The post-Roe revival of an unstoppable movement for reproductive rights is just beginning
In this post-deer At this time, the reproductive rights movement is now also armed with personal testimonies that transform an issue in real time. Abortion-related stories – once relatively rare and often shrouded in shame – are now prolific and shrouded in justice.
A 10-year-old Ohio rape victim who was forced to cross state lines to terminate her pregnancy. A Florida orphan teenager deemed not “mature enough” by state courts to initiate an abortion, but apparently well placed to raise a child on her own. A Texas woman forced to carry on wearing an unviable pregnancy for weeks until she could find a doctor willing to perform a procedure to extract the dead fetus.
These are the ingredients of an unstoppable force. Anyone of childbearing age, not to mention their mothers and fathers, can look at these stories and imagine, It could be me or my loved oneregardless of the circumstances under which they got pregnant and how badly they may or may not want to carry to term.
Looking for my 2015 book Don’t Tell Me to Wait: How the Fight for Gay Rights Changed America and Transformed Obama’s PresidencyI became convinced that the stories of gay and transgender Americans shared readily in the media and at kitchen tables across the country helped distinguish the LGBTQ movement from the reproductive rights movement during Obama’s presidency.
Indeed, by the end of Obama’s term, gay rights had advanced faster than most activists had ever dreamed possible, while pro-choice achievements languished. Not only did Obama fail to pass the Freedom of Choice Act, which he promised to do”First thingat a 2008 campaign event at Planned Parenthood – he also signed an order strengthening the prohibition on using federal funds for abortions to win the votes of anti-abortion Democrats (who still existed at the time) for his health care law.
But today, the reproductive rights movement has both the poignant anecdotes and a similar sense of urgency that animated LGBTQ activists before President Obama’s tenure. Following the sudden gutting of the Supreme Court Roe vs. Wade in June, pro-choice organizers are now moved by the self-determination imperative that LGBTQ activists have felt in the wake of Proposition 8, the 2008 California ballot initiative that stripped same-sex couples of rights of the hard-won marriage. If that right could be taken away in one of the most liberal enclaves in the country, gay rights activists knew that a host of state-sanctioned protections around relationships, employment, and more were under threat in all the countries. Likewise, the Republican attack on reproductive freedom will not stop at abortion.
But the parallels between the LGBTQ movement and the reproductive rights movement go back even further. Given how far Republican laws now impinge on the good medical judgment of doctors, silencing these injustices could literally lead to the deaths of pregnant women and transgender men, many of whom are also parents of young children.
It’s no coincidence that “Silence = Death” was the iconic motto of ACT UP, the fervent and fearless HIV-AIDS activists who persuaded a neglectful federal government to accelerate research, development and access to life-saving drugs in the 80s and 90s. The HIV-AIDS epidemic prompted a generation of LGBTQ Americans to come out. After all, no one was going to stand up for their health, well-being, and freedoms unless their stories were known to family members, friends, neighbors, and fellow citizens. This source of personal truths laid the groundwork for unprecedented progress on LGBTQ equality that social scientists have marveled over other social issues, including abortion. Support for marriage equality, for example, jumped about 20 points in the decade before it was legalized — from 37% in August 2005, when same-sex marriage bans swept the country, to around 58% in the summer of 2015, when the Supreme Court struck down those bans.

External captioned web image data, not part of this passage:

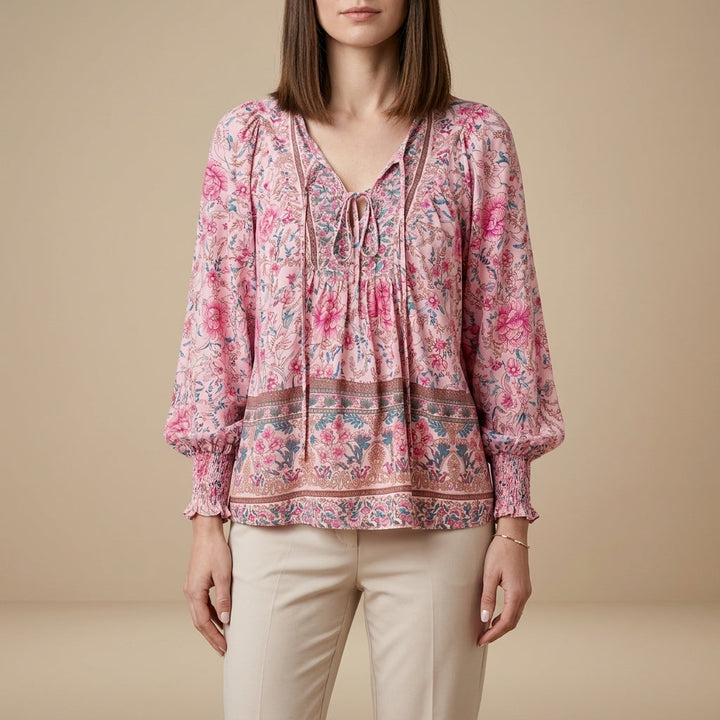 Duttini | Flowing Bohemian Floral Patchwork Peasant Blouse With Tassel Tie Neck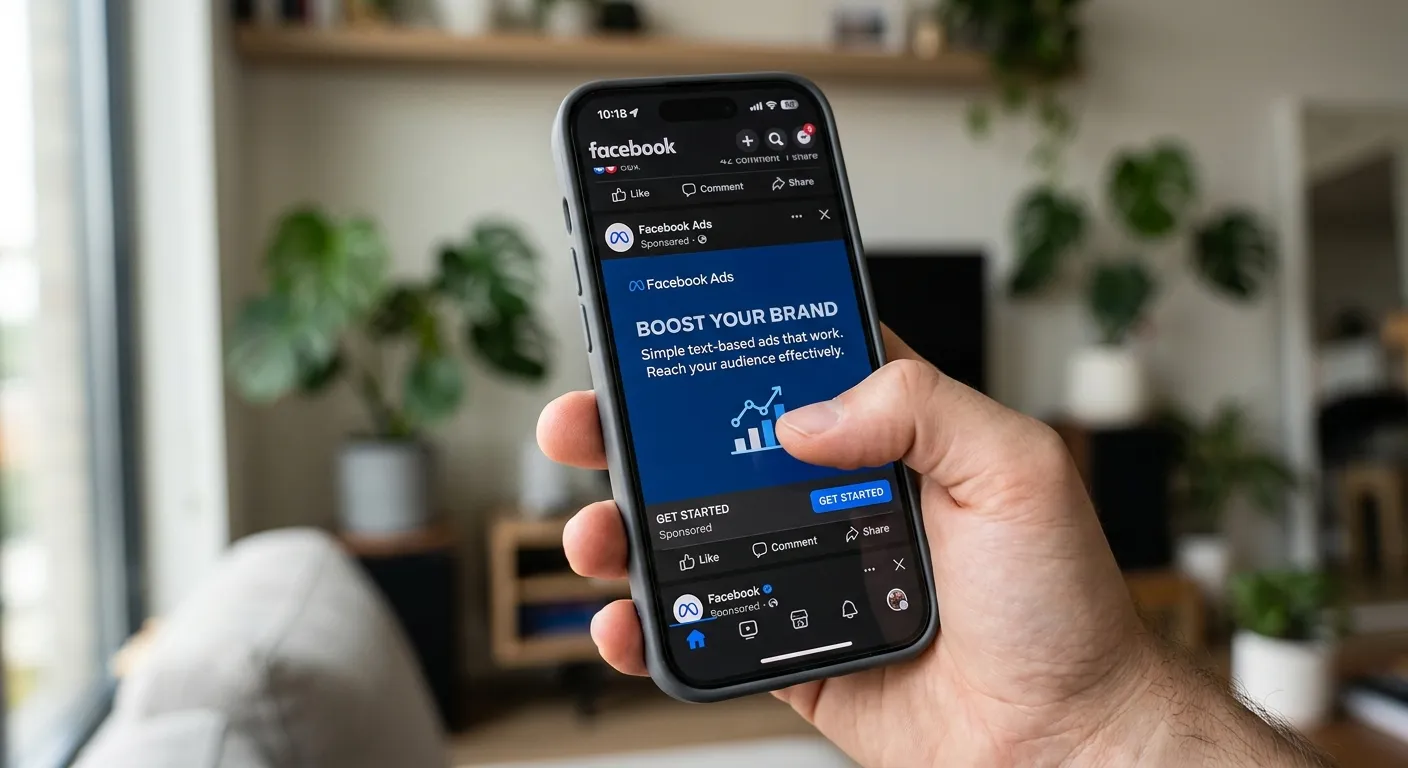 Hand holding a smartphone showing a simple text-based static image ad in a Facebook feed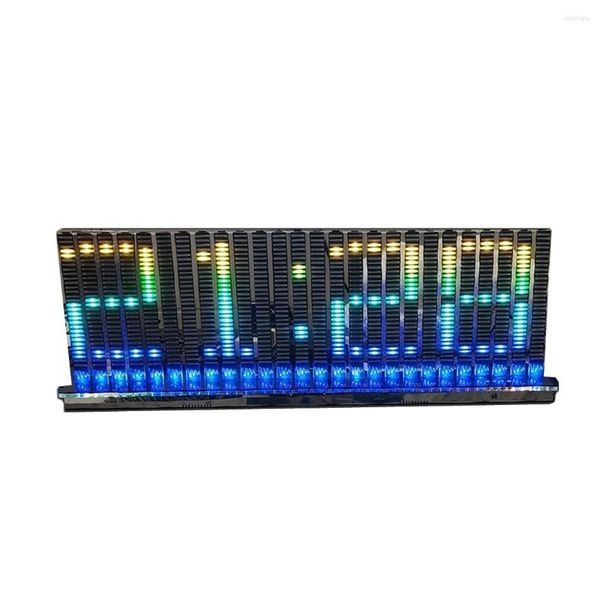 Relojes de Mesa Pantalla de Espectro Musical Ultrafina de 26 segmentos Longitud 67 cm Control por Voz Reloj Remoto Función de animación Hermosa Nota Musical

Today, same-sex marriage has gone from an issue that divided Democrats to one that united them while driving a wedge through the heart of the GOP base, with pro-LGBTQ suburbanites largely diverging from homophobic evangelicals.
Abortion rights are rapidly making the same transition. The big difference is that a solid majority of Americans were already with the reproductive rights movement, they just needed a reason to prioritize the issue at the polls. An extremist Supreme Court has now entrusted top activists with this rushed event and a flood of heartbreaking stories to create lasting change.